Dataset entries:
★ ★ ★ ★ ★ ★ ★

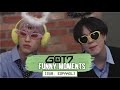GOT7 Funny Moments 8 [SUB. ESPAÑOL] | MINAMINO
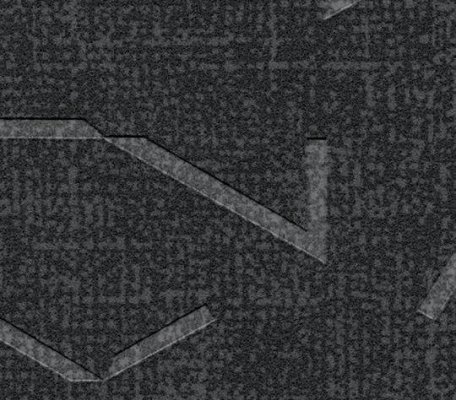 Flotex Colour embossed tiles Metro anthracite glass embossed ID:2941, 1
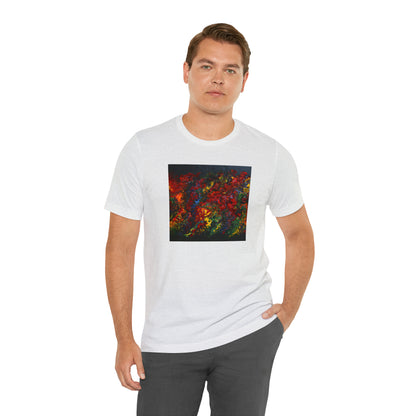 Frostfire Neonium - Chemistry, Abstractly - Tee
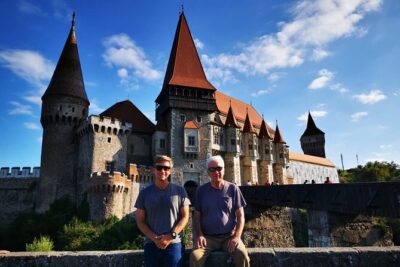 Turda Salt Mine, Corvin Castle and Alba Fortress from Cluj - Salina Turda: underground salt halls and the Roman starting point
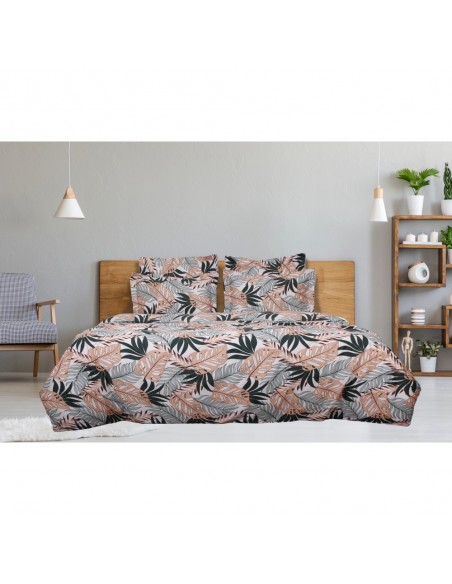 Housse de couette 100% "Satin de coton Peigné" / 80 fils /cm²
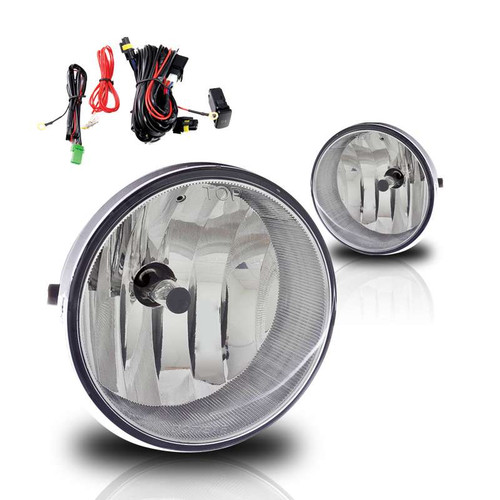 Winjet FOG LIGHTS-CLEAR | HKMR CFWJ-0299-C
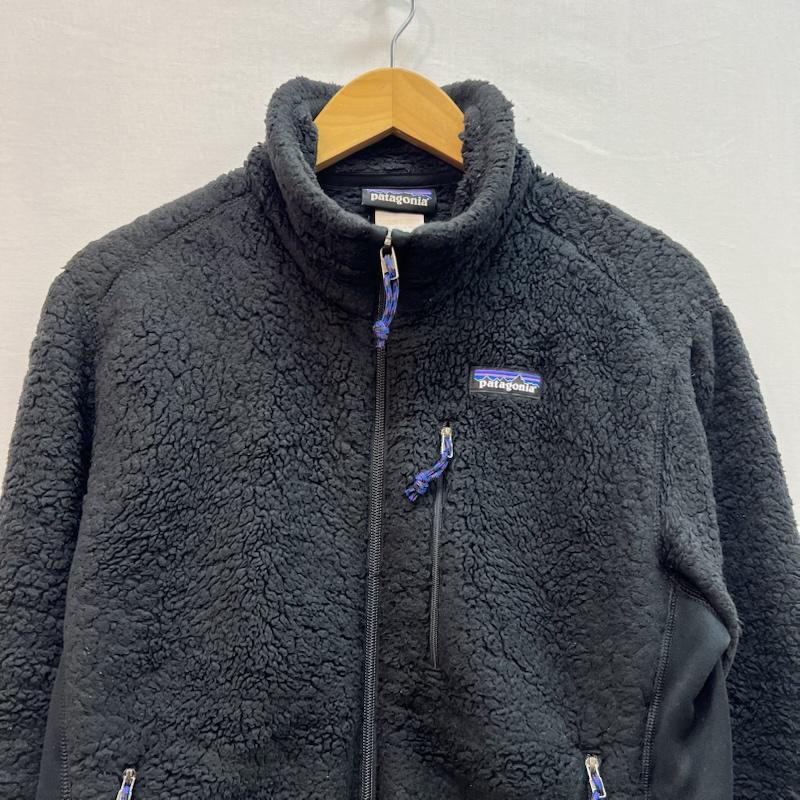 パタゴニア patagonia ジャケット、上着 ジャンパー、ブルゾン 2014年製 ロスガトス フリース ジャケット 25920FA14 S 黒 / ブラック / black メンズ USED 古着 中古 50161891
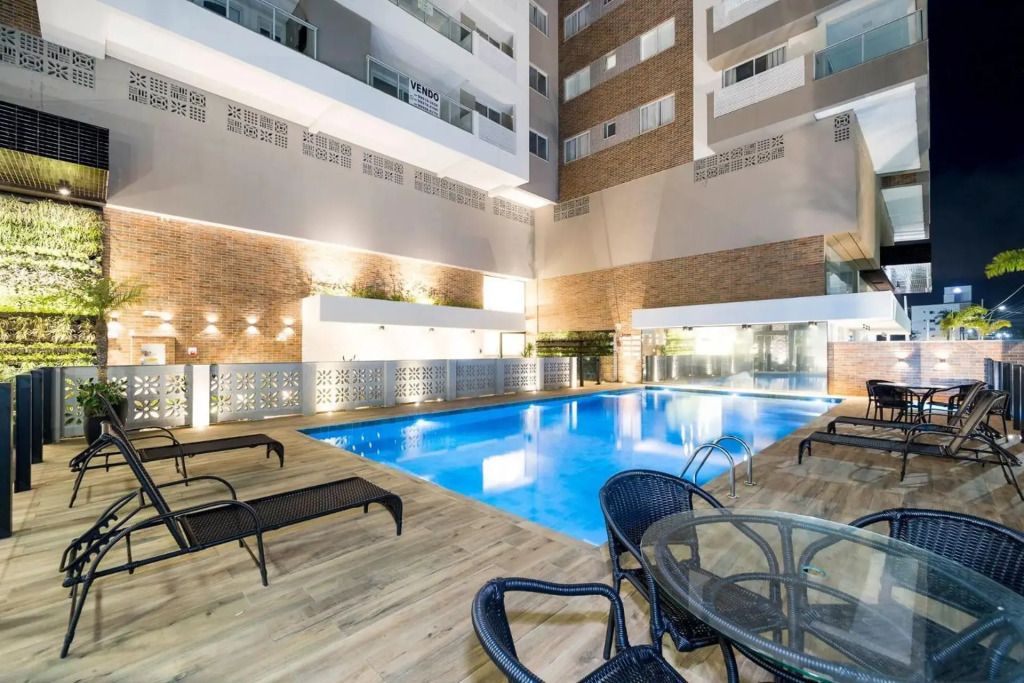 Terrazzo 401A - Apartamento 02 suítes - Acomoda até 05 pessoas - À poucos metros da praia de Bombas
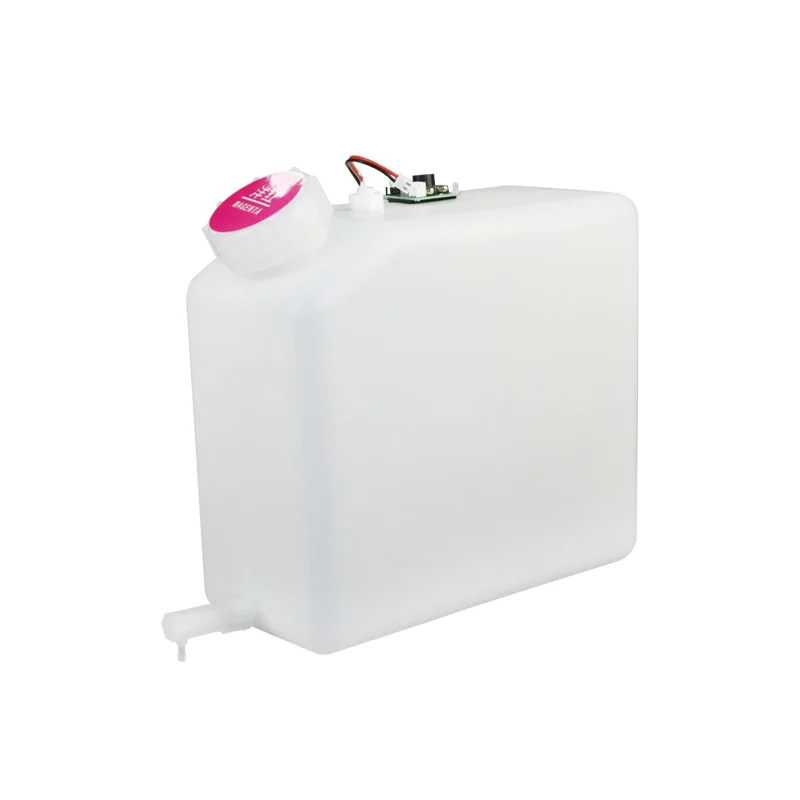 LETOP 1PCS Good Price Large Machine Parts With Ink Level Sensor Alarm 5L 4 Color Ciss Tank Ink Bottle for Inkject Printer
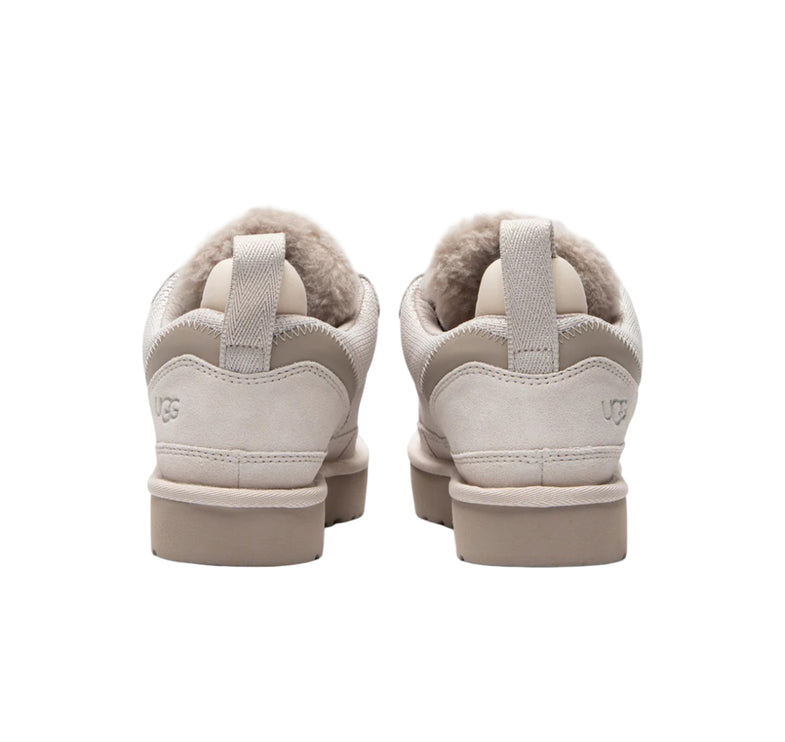 UGG Lowmel kadın sneaker, bej süet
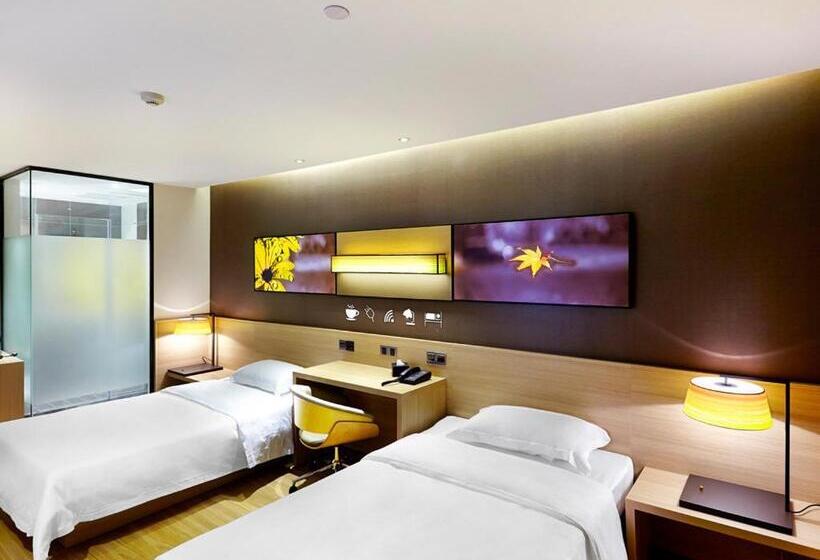 חדר סטנדרט, 7days Premium Yinchuan Railway Station Fuzhou South Street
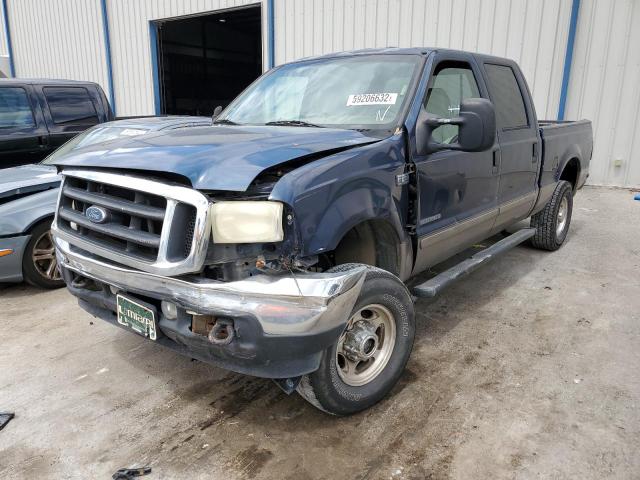 Photo 2 from auction – 2002 FORD F250 SUPER with VIN 1FTNW21F12EC21244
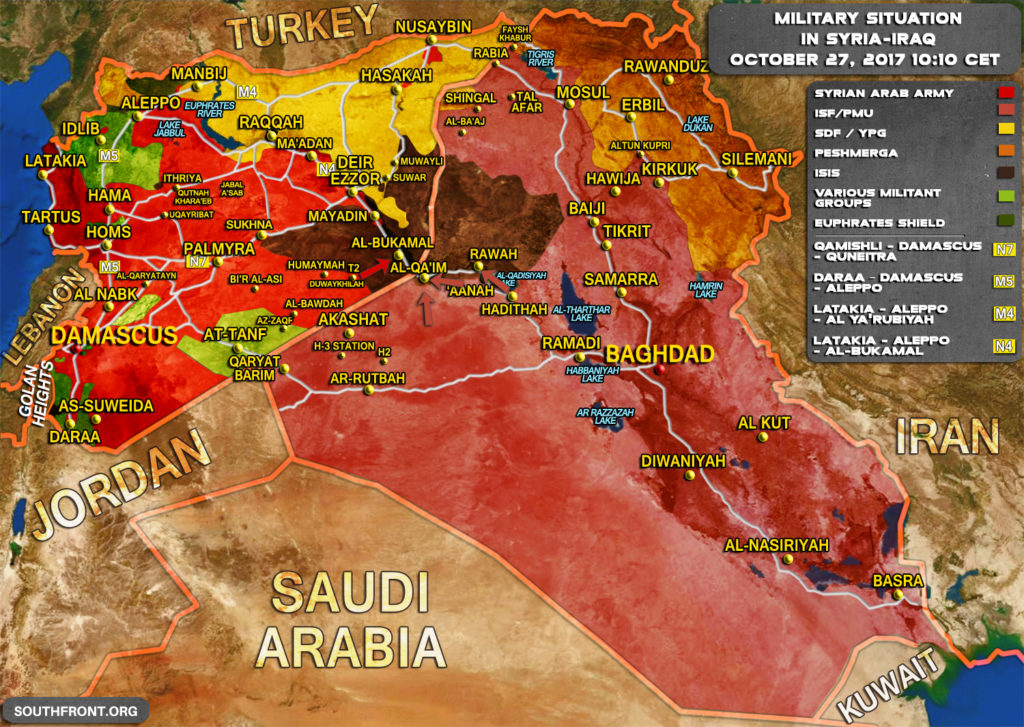 Militants In Eastern Qalamoun Region Are Close To Full Reconciliation Deal With Syrian Government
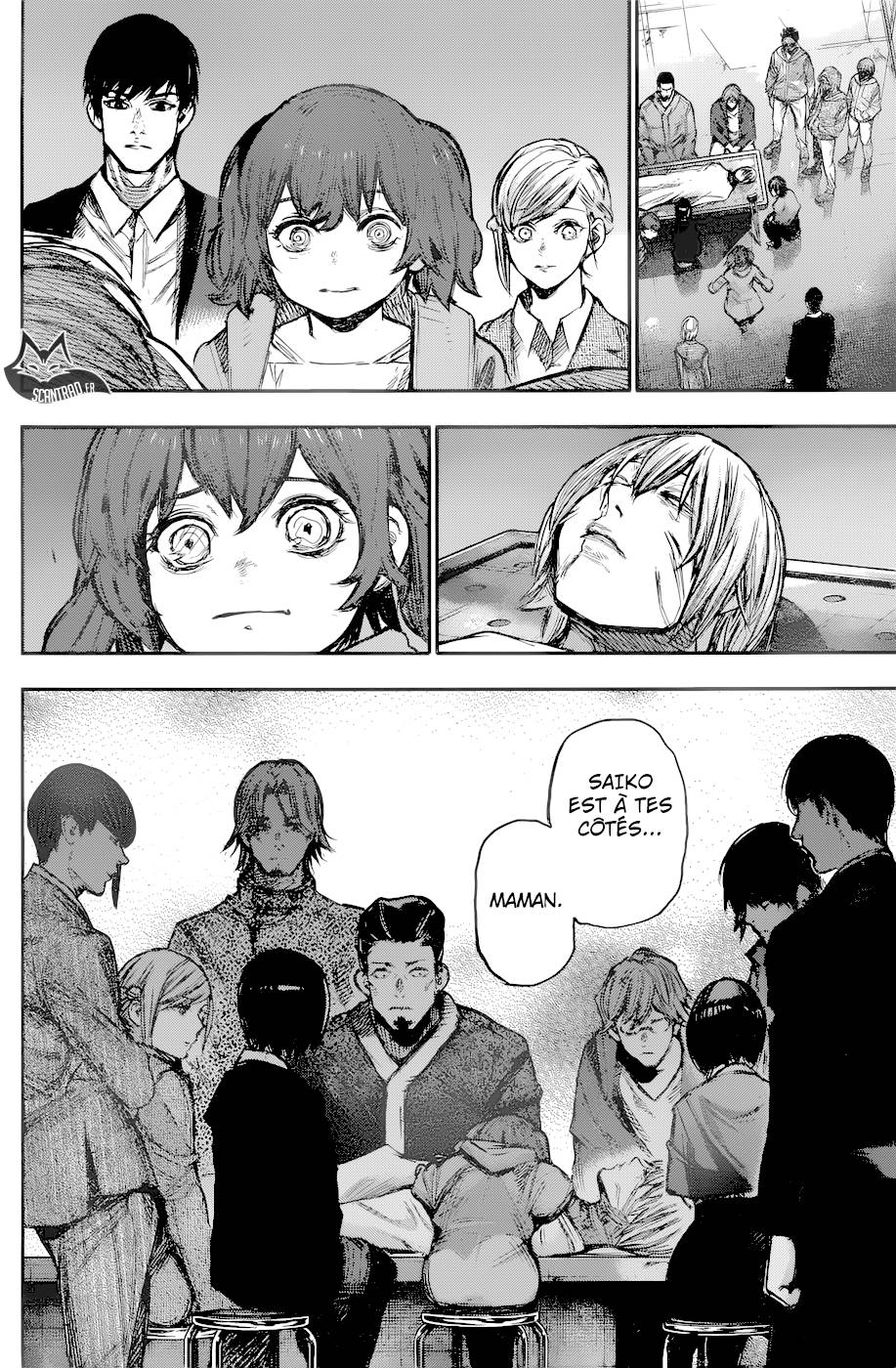 Lecture en ligne Tokyo Ghoul Re 162 page 13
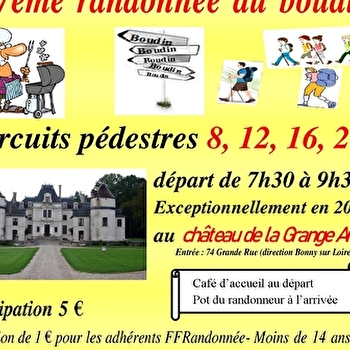 37e Randonnée du boudin - LAVAU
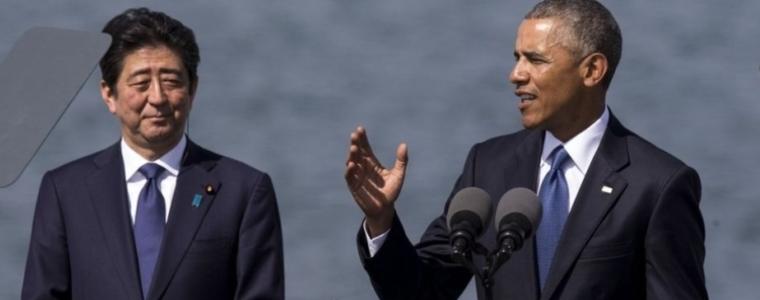 Обама нарече визитата на Абе в "Пърл Харбър" исторически жест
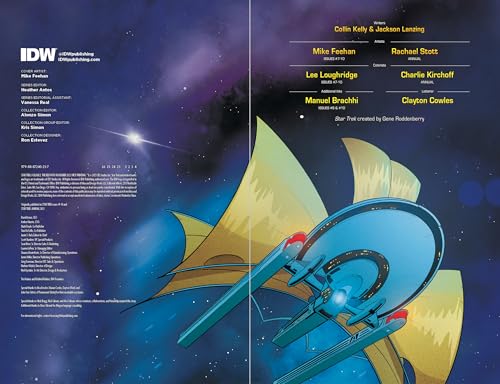 Star Trek, Vol. 2: The Red Path (Star Trek New Adventures)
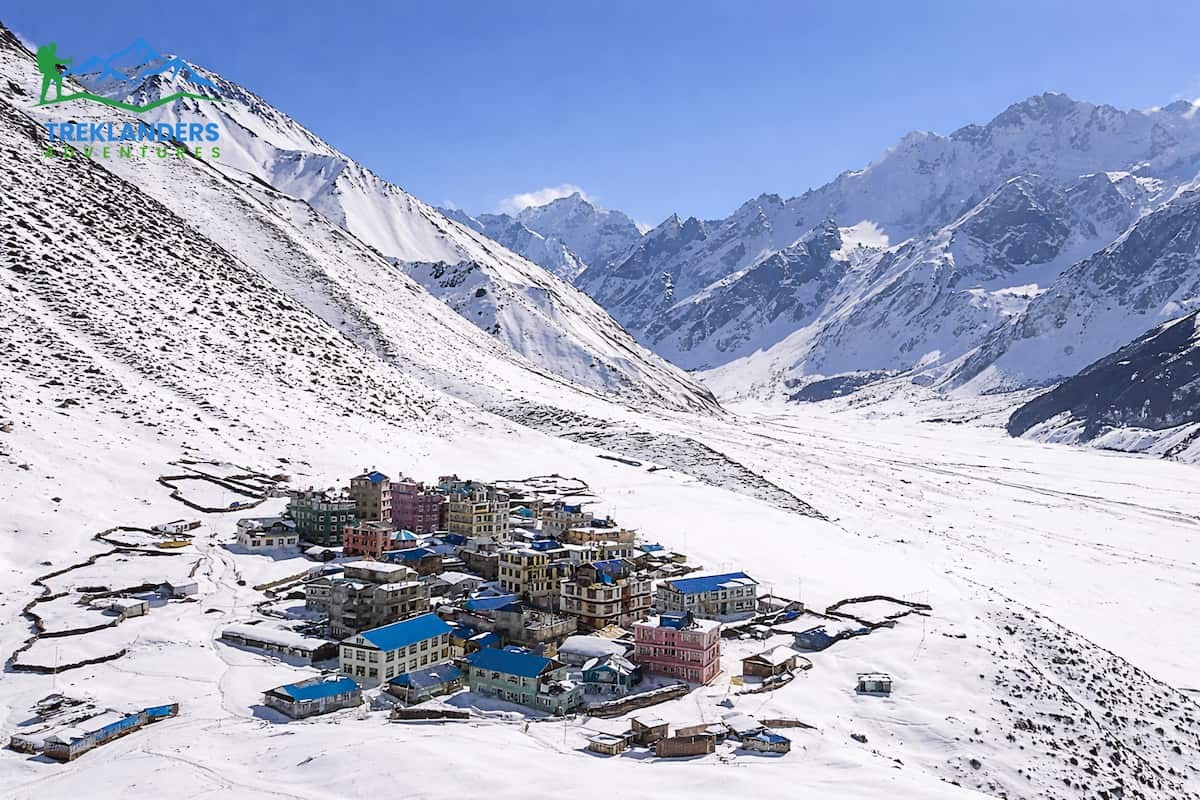 Kyanjin Gompa- Langtang Valley Trek in Winter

★ ★ ★ ★ ★ ★ ★

Task description:
The first line of the entries, the line containing "Terrazzo 401A - Apartamento", and every line between them are to be output exactly; pictures are not.

Response area:
GOT7 Funny Moments 8 [SUB. ESPAÑOL] | MINAMINO
 Flotex Colour embossed tiles Metro anthracite glass embossed ID:2941, 1
 Frostfire Neonium - Chemistry, Abstractly - Tee
 Turda Salt Mine, Corvin Castle and Alba Fortress from Cluj - Salina Turda: underground salt halls and the Roman starting point
 Housse de couette 100% "Satin de coton Peigné" / 80 fils /cm²
 Winjet FOG LIGHTS-CLEAR | HKMR CFWJ-0299-C
 パタゴニア patagonia ジャケット、上着 ジャンパー、ブルゾン 2014年製 ロスガトス フリース ジャケット 25920FA14 S 黒 / ブラック / black メンズ USED 古着 中古 50161891
 Terrazzo 401A - Apartamento 02 suítes - Acomoda até 05 pessoas - À poucos metros da praia de Bombas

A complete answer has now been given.